Sejak pecahnya konflik Israel-Palestina di Gaza pada 7 Oktober 2023, 2,3 juta penduduk daerah kantong tersebut menghadapi krisis ekonomi dan kemanusiaan yang semakin parah.
Para ahli ekonomi menyebut sejumlah faktor, termasuk blokade, kolapsnya rantai pasokan, dan kurangnya pengawasan yang efektif, yang memicu rekor inflasi tertinggi, melumpuhkan daya beli, dan bahkan membuat komoditas paling dasar tidak terjangkau.
Jamil Abu Mahadi (33), seorang ayah tiga anak dari Gaza City, adalah salah satu dari sekian banyak warga Gaza yang terbebani oleh tingginya biaya untuk mengambil uang tunai.
“Jika saya menarik 500 dolar AS (1 dolar AS = Rp16.484), saya hanya menerima 250 dolar AS,” keluhnya sembari menambahkan, “Itu hampir tidak cukup untuk satu atau dua hari.

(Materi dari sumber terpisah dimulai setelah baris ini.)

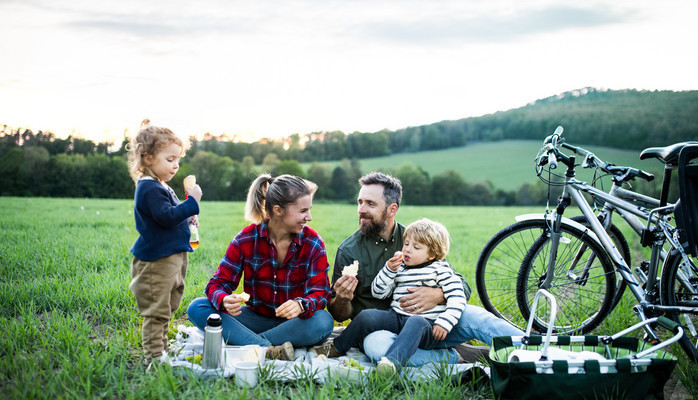 Casting: Søker familiemedlemmer til roller i photoshoot for ny treningssykkel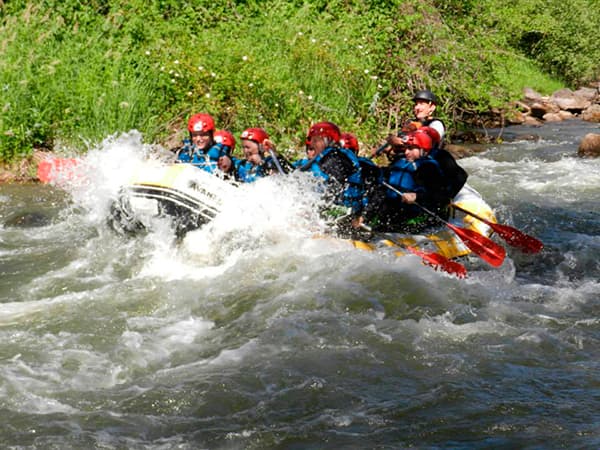 Rafting en el Río Ebro: Aventura y diversión para todos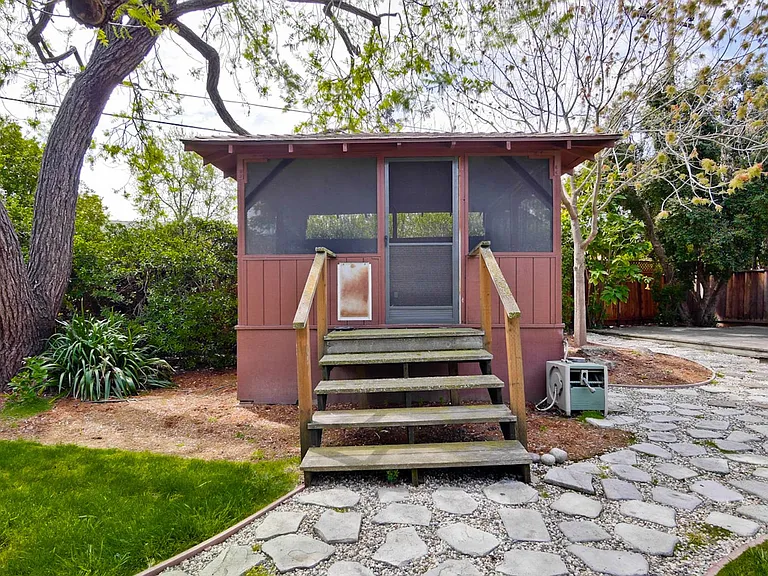 160 Kit Carson Ct — Photo 68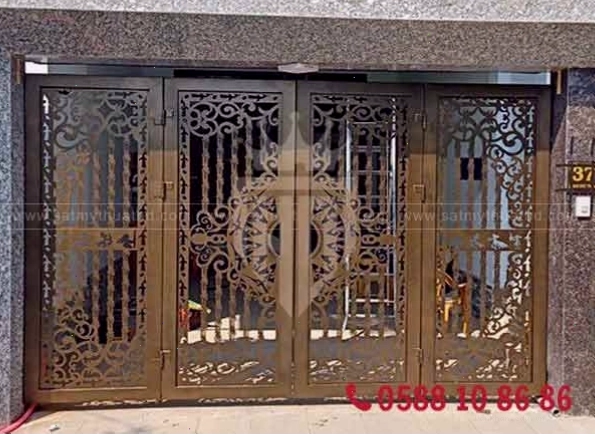Mẫu cổng sắt 4 cánh đẹp với kích thước hài hòa, tăng thêm vẻ sang trọng cho ngôi nhà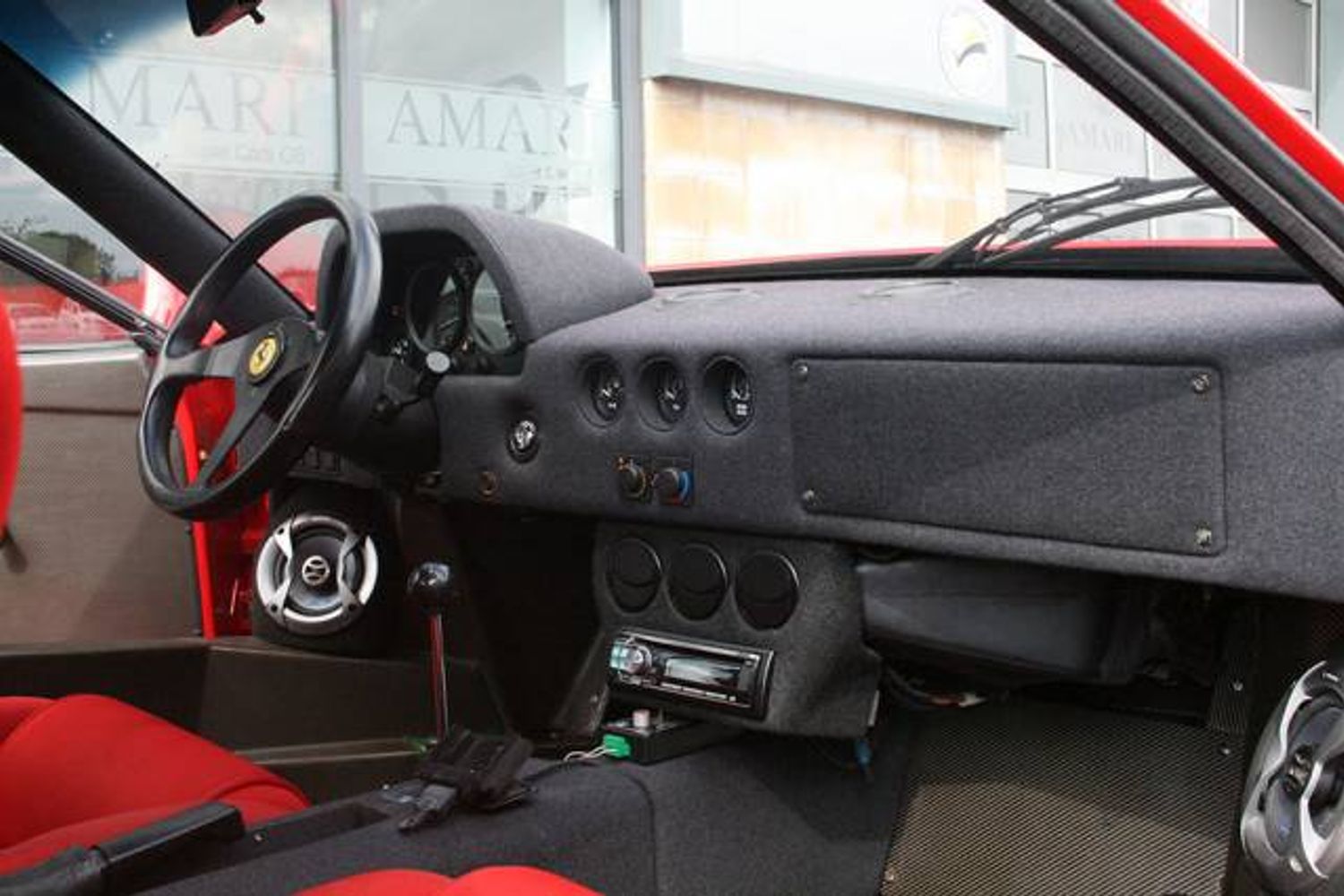 FERRARI F40 COUPE 2dr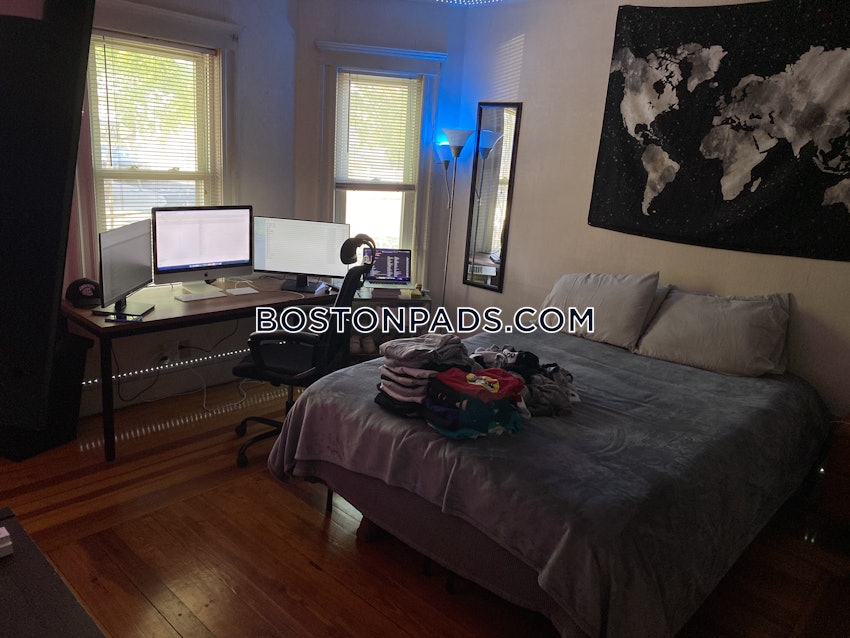 MEDFORD - TUFTS - 3 Beds, 1 Bath - Image 3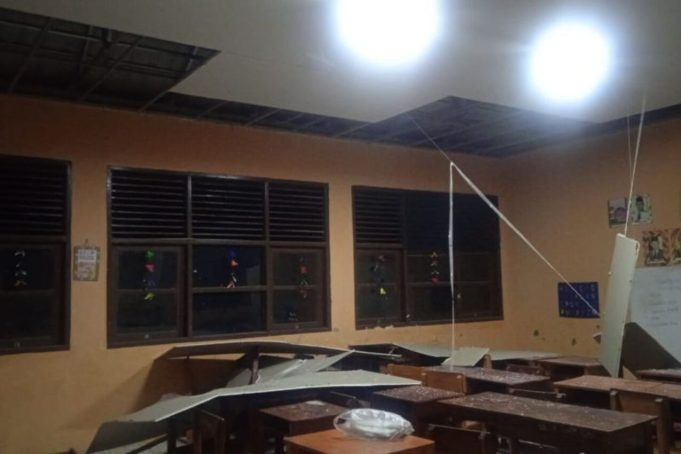 bangunan-sekolah-di-karawang-rusak-akibat-gempa-antaraho-wag-vaqd76739290933756817.jpg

Pengeluaran harian untuk sebuah keluarga kecil minimal 150 dolar AS.”
Dengan bank-bank yang sebagian besar tutup dan layanan keuangan resmi hampir lumpuh, banyak warga beralih ke pialang tidak resmi atau kantor pengiriman uang untuk mencairkan gaji atau remitansi mereka, namun dengan biaya yang mahal.
Sementara itu, upaya bantuan dan sumbangan yang tidak menentu dari kerabat atau lembaga swadaya masyarakat (LSM) berkurang, tertekan oleh blokade dan penundaan administratif yang panjang dalam pengiriman bantuan.

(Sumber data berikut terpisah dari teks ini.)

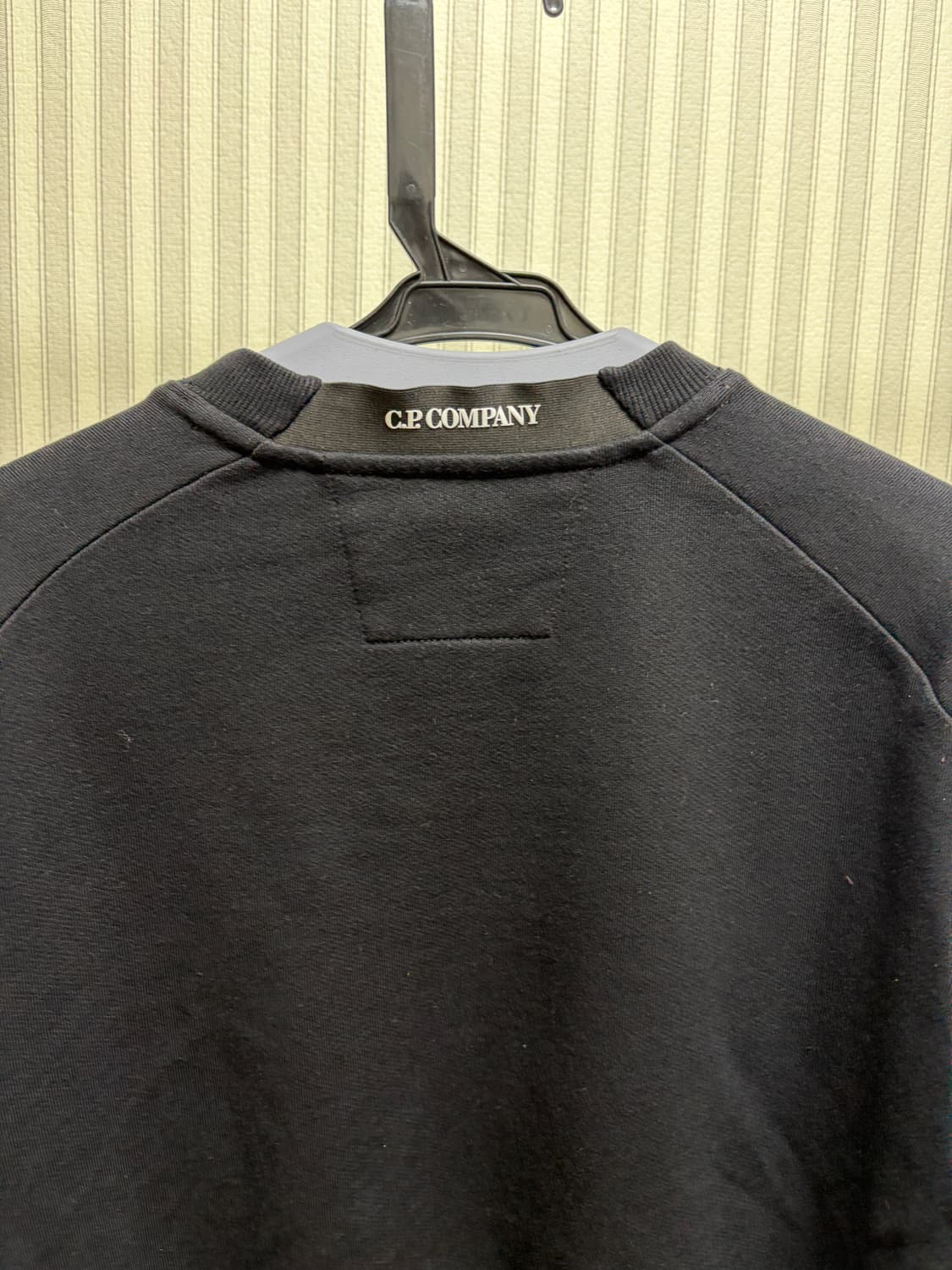 C.P.  컴퍼니 렌즈 와펜 맨투맨 블랙 상품이미지3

Di sebuah jalan di Gaza City, Rawiya al-Ashi (39) mengaku dirinya hanya mampu membeli 1 kilogram tepung setiap hari. “Itu tidak cukup untuk satu kali makan,” kata ibu empat anak itu. “Saya tidak lagi memikirkan bagaimana cara hidup, hanya bagaimana caranya agar anak-anak saya bisa tidur tanpa kelaparan.”
Kolapsnya aktivitas perdagangan dan penutupan perbatasan telah menjerumuskan Gaza ke dalam apa yang digambarkan oleh para ekonom lokal sebagai “resesi yang parah.” Puluhan ribu orang kehilangan pekerjaan, dan sebagian besar usaha kecil hancur atau terpaksa gulung tikar akibat pengeboman, kelangkaan bahan bakar, atau kehabisan logistik.

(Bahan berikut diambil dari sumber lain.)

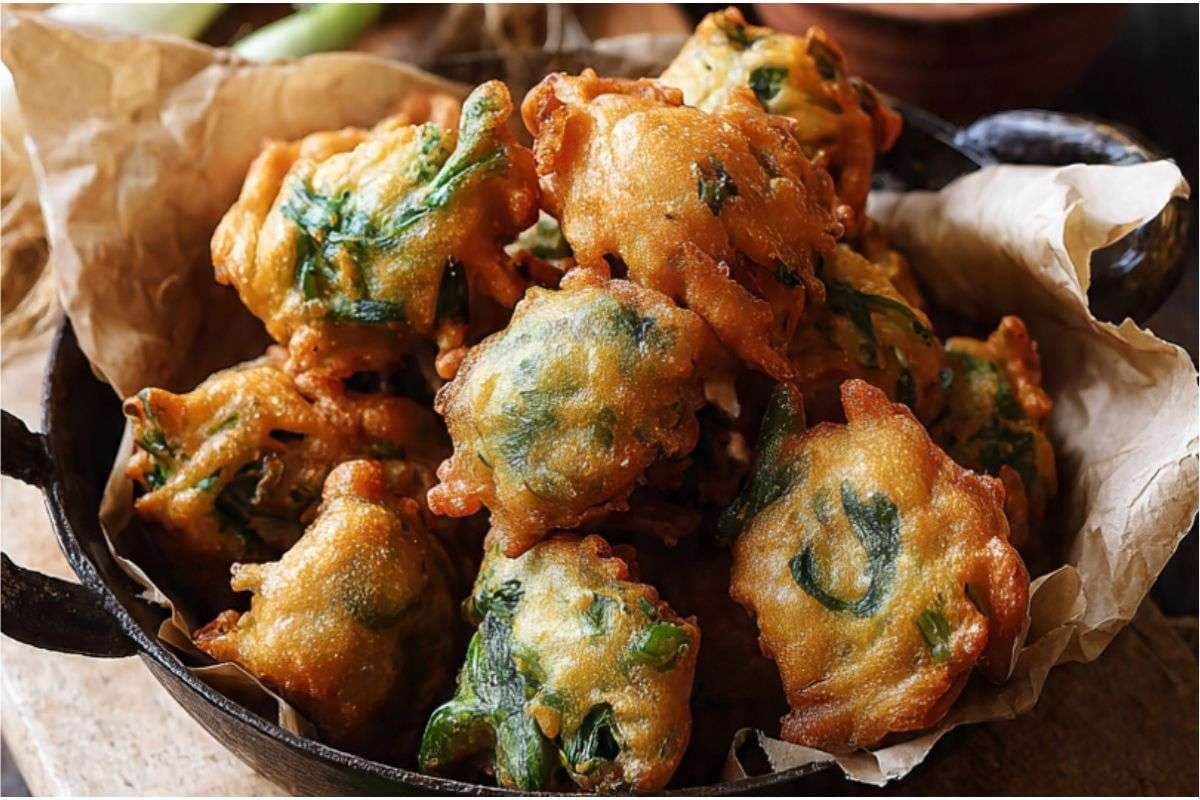 Crispy Spring Onion Pakora Recipe: सर्दियों के लिए खास कुरकुरे हरे प्याज के पकौड़े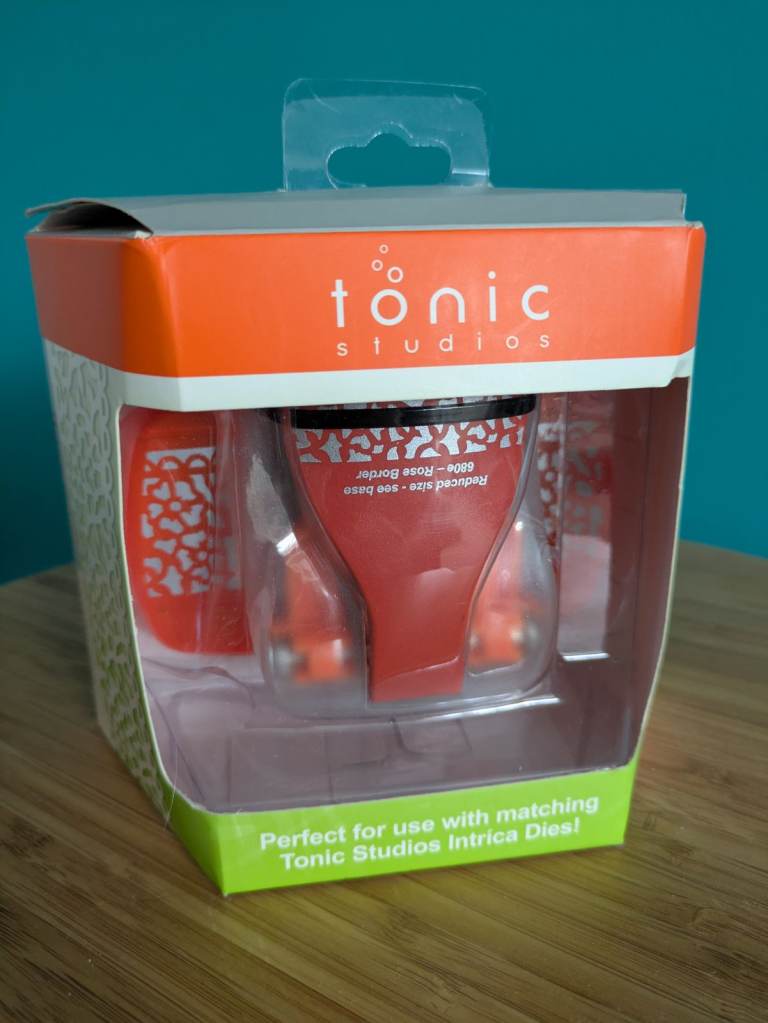 Tonic Studios Deep Edge Punch - Rose Border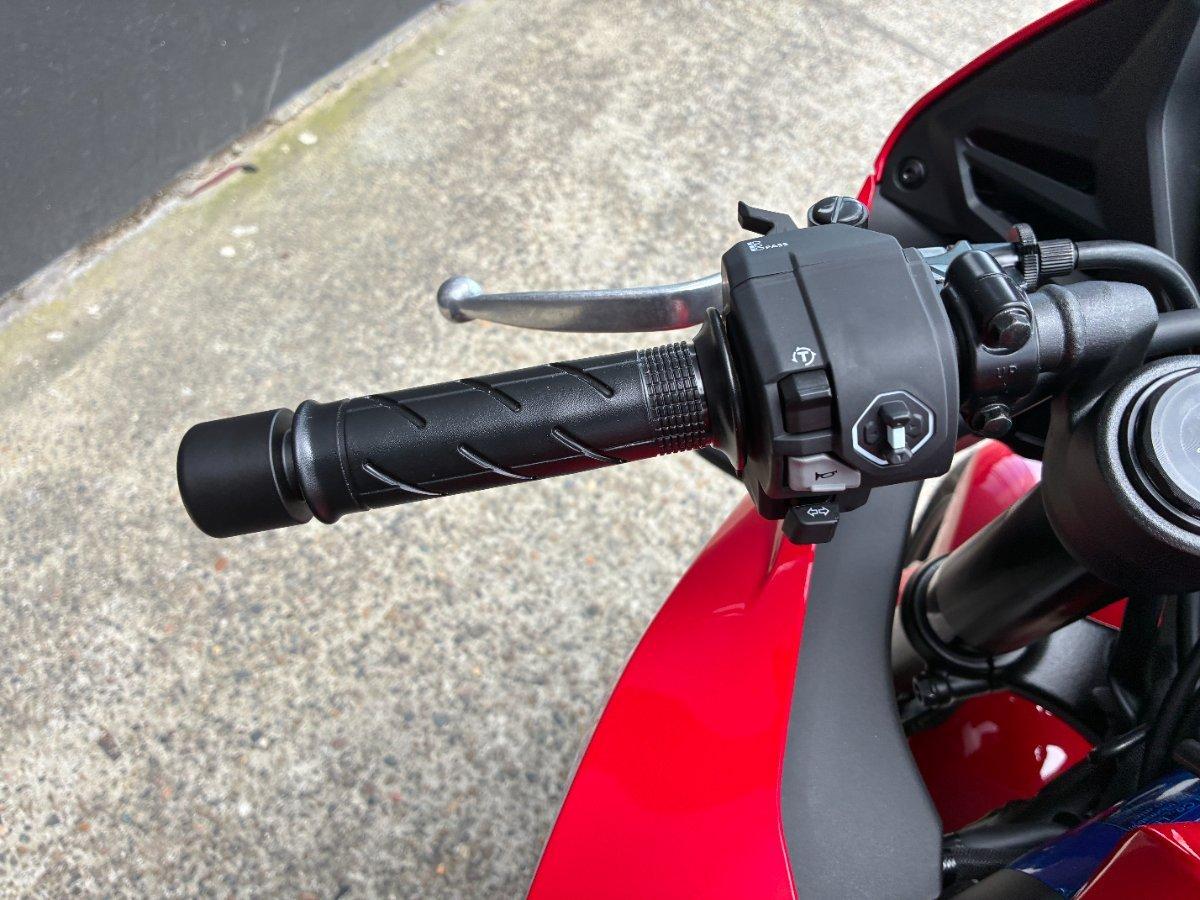 2026 HONDA CBR650R E-CLUTCH SPORTS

Samir Abu Mudallala, seorang analis ekonomi yang berbasis di Gaza, mengatakan kepada Xinhua bahwa krisis likuiditas adalah salah satu aspek paling serius dari keruntuhan ekonomi yang lebih luas.
Dia mengaitkan kelangkaan likuiditas dengan operasi perbankan yang hampir berhenti total, kurangnya koordinasi dengan lembaga-lembaga keuangan di Tepi Barat, dan penangguhan pengiriman uang internasional karena blokade yang sedang berlangsung.
Abdul Karim Joda, seorang pemilik toko kelontong di Khan Younis, juga menyinggung tentang kesulitan para pedagang. “Kami membeli barang dalam jumlah kecil dengan harga dua kali lipat karena masalah pasokan dan membayar biaya transportasi yang tinggi,” ujarnya.
“Tidak ada yang untung. Warga dan pedagang sama-sama mengalami kesulitan.”
Dengan tidak adanya resolusi politik yang jelas dan permusuhan yang kian meningkat, organisasi kemanusiaan mengatakan kemampuan mereka untuk menanggapi kebutuhan penduduk menurun dengan cepat.
Amjad al-Shawa, kepala Jaringan LSM Palestina, mengatakan, “Respons kemanusiaan tidak sesuai dengan kebutuhan. Kami menyerukan agar akses bantuan dan perlindungan internasional segera difasilitasi dan diberikan kepada warga sipil, terutama perempuan dan anak-anak.”
Dia mendesak masyarakat internasional untuk memprioritaskan gencatan senjata dan membuka kembali penyeberangan perbatasan untuk menyalurkan makanan, obat-obatan, dan bahan bakar.
“Kelaparan tidak bisa ditunda. Penyakit tidak bisa ditunda. Dan anak-anak tidak mengerti politik,” ujarnya.